Herbert had got back his coolness by this time. "I suppose there is no help for this asinine performance," he said quietly, "the sooner it begins the sooner it will be over. I'm ready."
"That's more like it," said the sergeant; "I thought you would come to reason."
The crowd made a move to join in the procession to the police-station, but the sergeant hailed a four-wheeler.

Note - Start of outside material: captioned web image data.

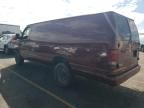 2003 Ford Econoline E350 Super Duty Van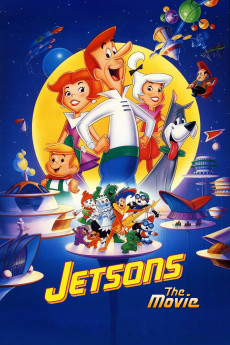 Jetsons: The Movie (1990) download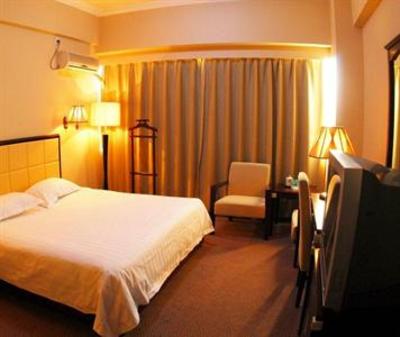 фото отеля Yin Hu Hotel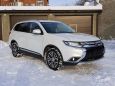 SUV   Mitsubishi Outlander 2015 , 1370000 , 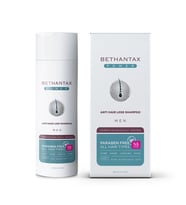 Bethantax Power Anti Hair Loss Shampoo
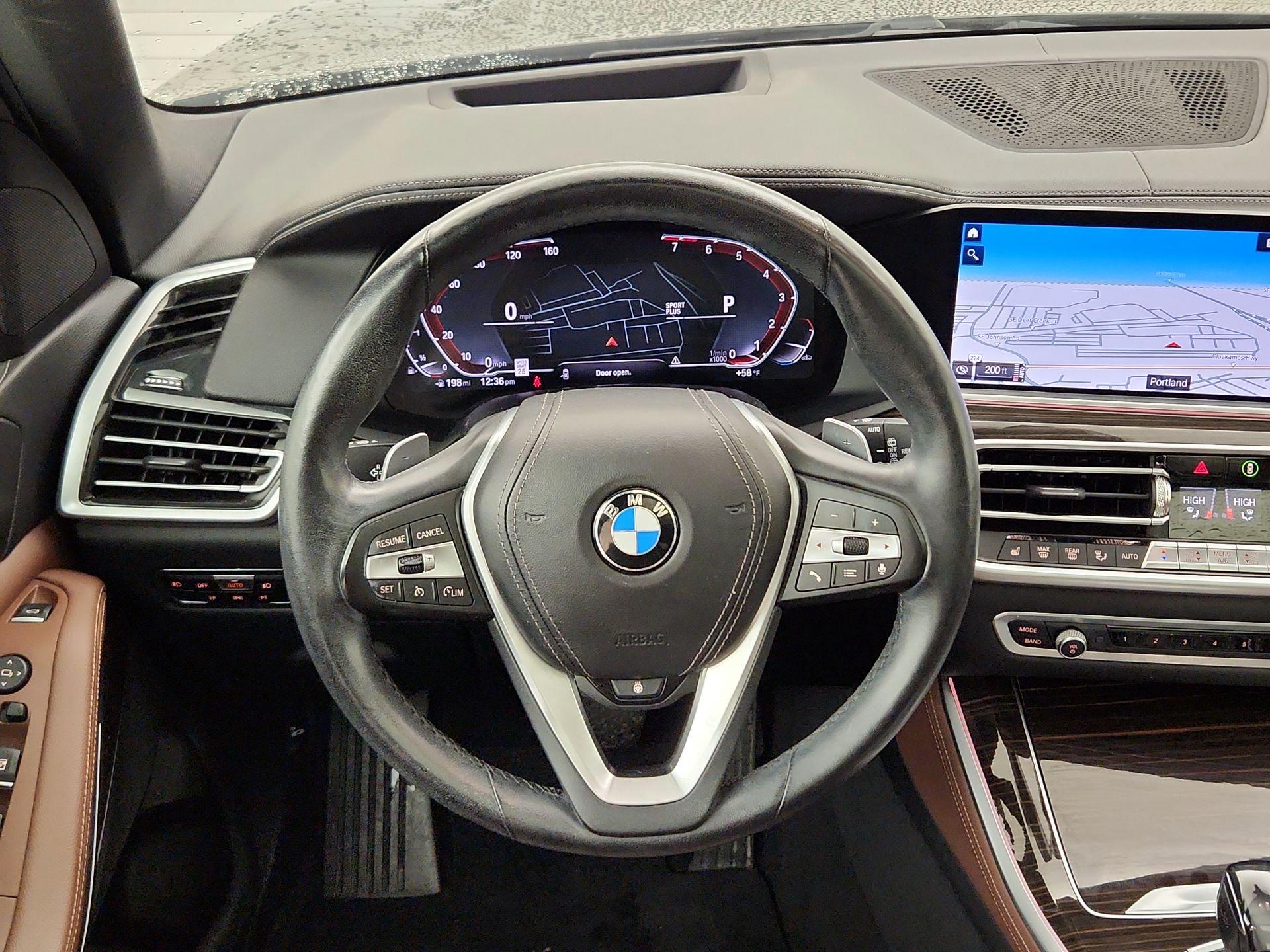 Thumbnail: 2020 BMW X5 - 10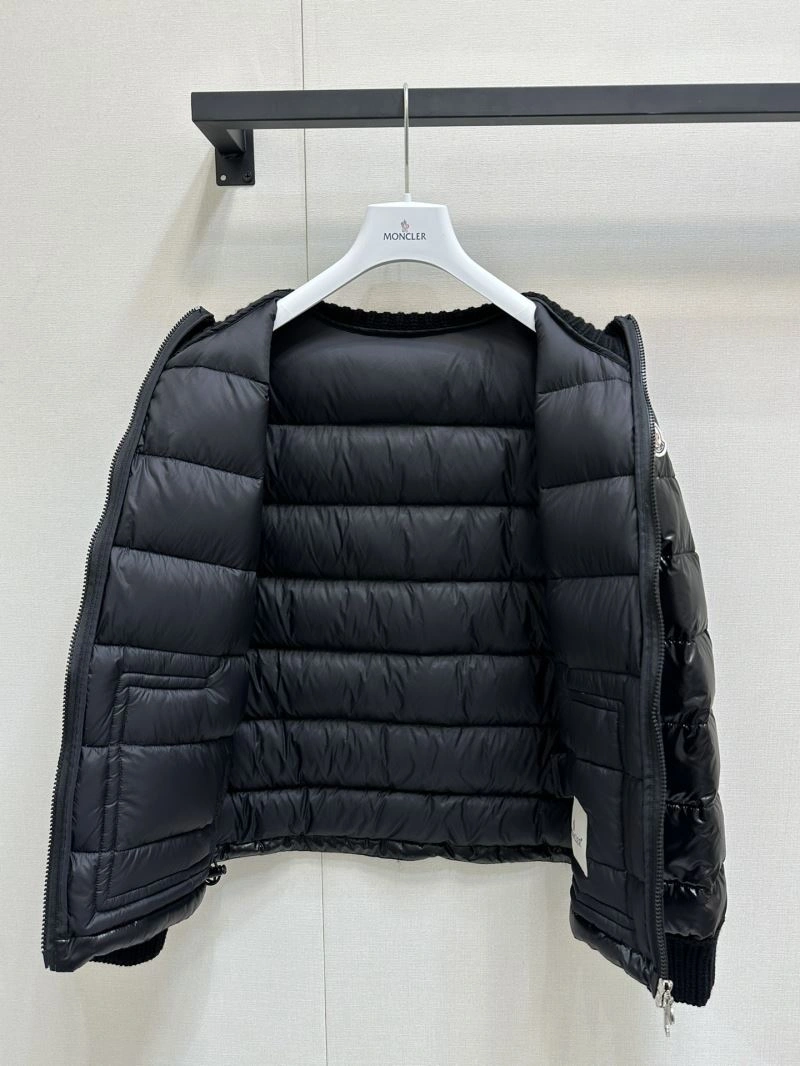 Sustainable Moncler Down Jackets 145230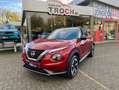 Nissan Juke Juke 1.0 DIG-T N-Connecta+ 360°Cam/19"/2-Tone.. Rouge - thumbnail 1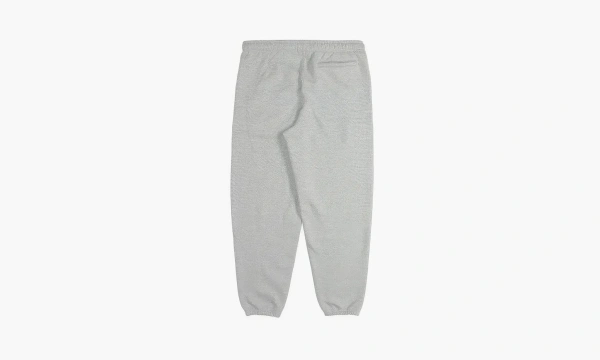 Nike X Stussy Sport Pants Logo Grey  Nike X Stussy Sport Pants Logo Grey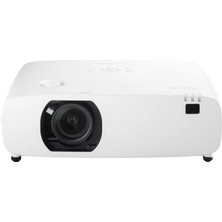 Viewsonic LSC521WU 5200 Lümen Wuxga 1920X1200 Lazer Projeksiyon Cihazı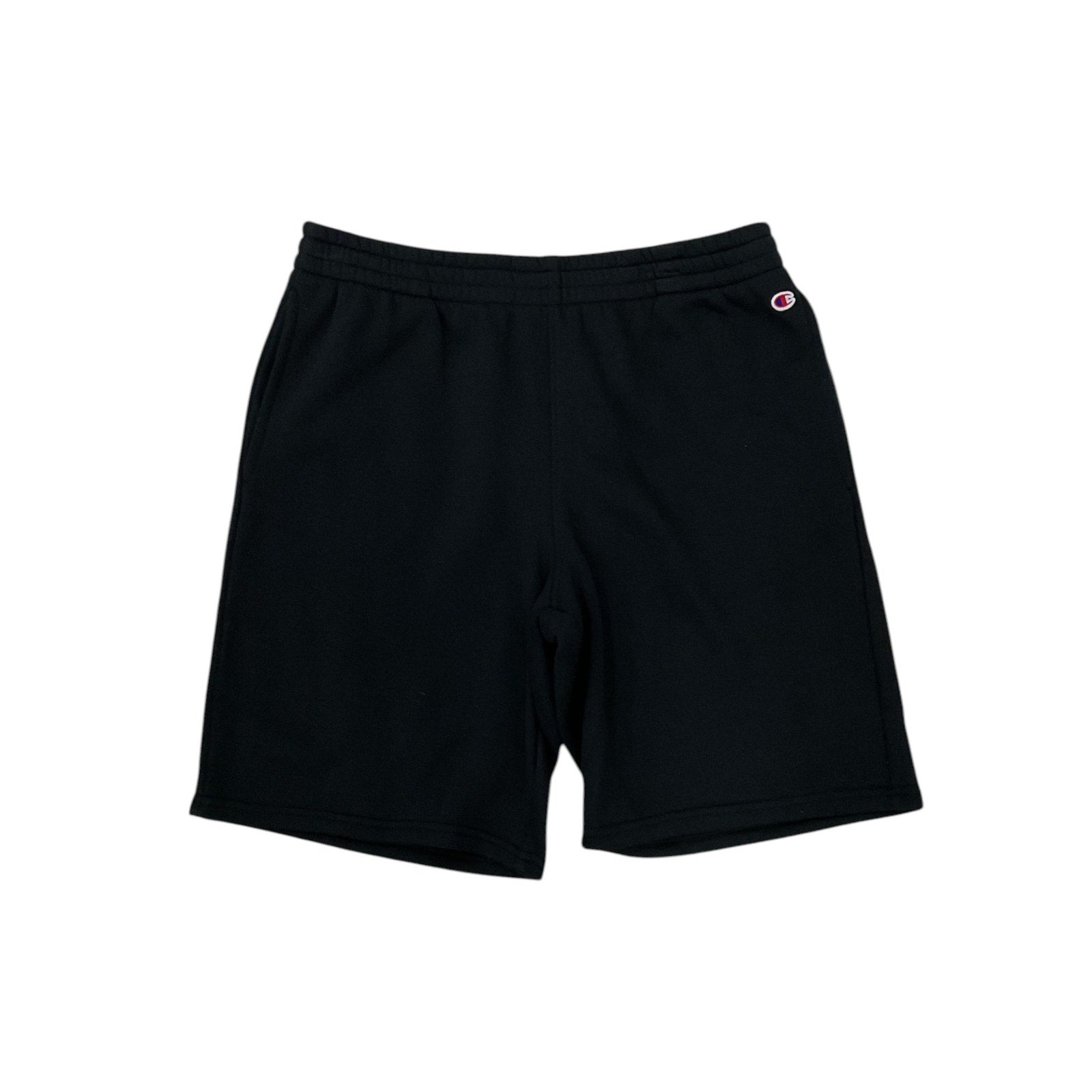 Short niño 18-20 (Champion)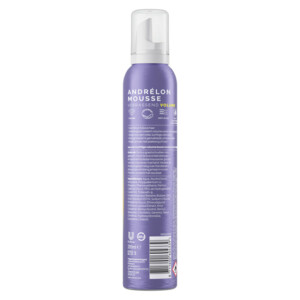 6x Andrélon Mousse Verrassend Volume - 15.25 euro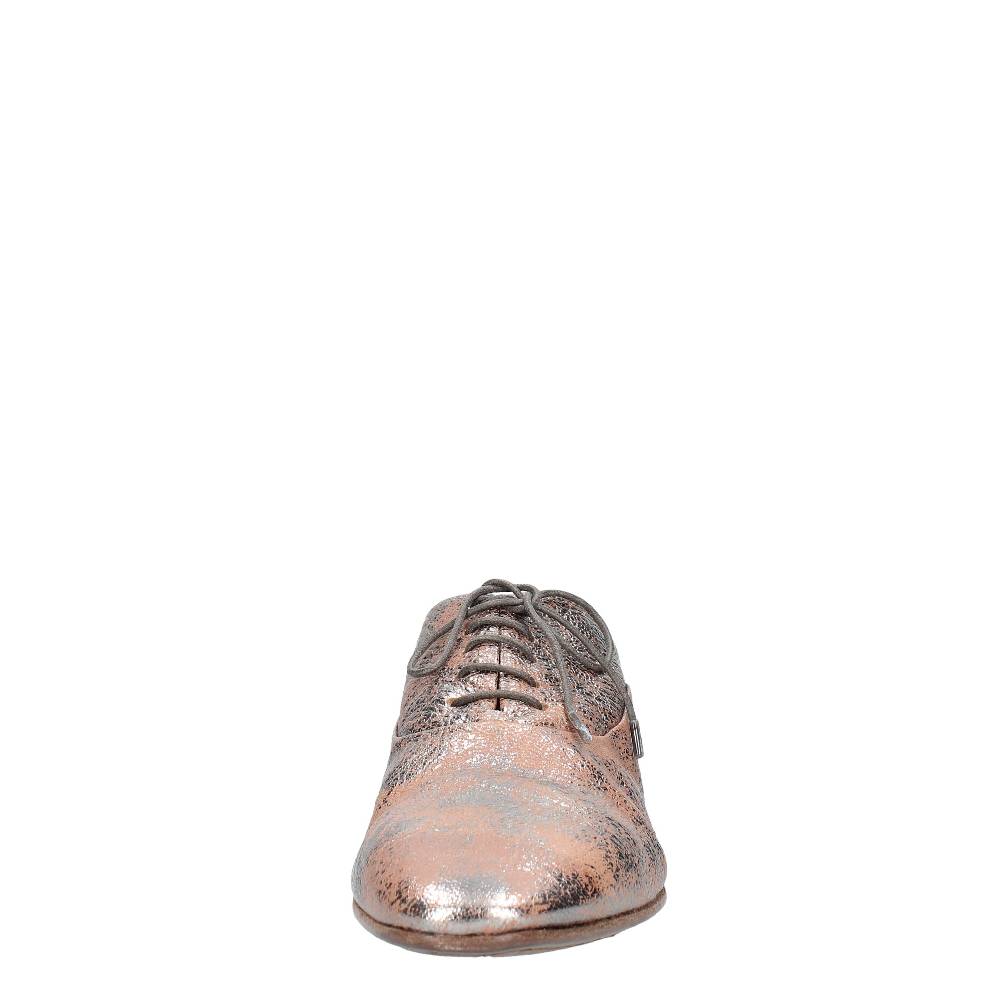 PANTANETTI Stringate Pantanetti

At the station the old lady was voluble and vehement, while Herbert treated the whole performance with quiet contempt. The charge was duly entered on the sheet, and the accused was searched with the minutest care.
A half-sovereign that had slipped into the lining of his waistcoat was brought to light. But, in the language of the police reports, "nothing of an incriminating nature was discovered." The police began to look a little blank. A policeman, however, never confesses he's wrong if he can help it. The Hon. Herbert Selwyn seemed booked for a night in a police cell. But just as the search was completed and all his goods and chattels spread out on the thick deal table in the police-office, he heard a voice he knew speaking to the inspector in the outer room.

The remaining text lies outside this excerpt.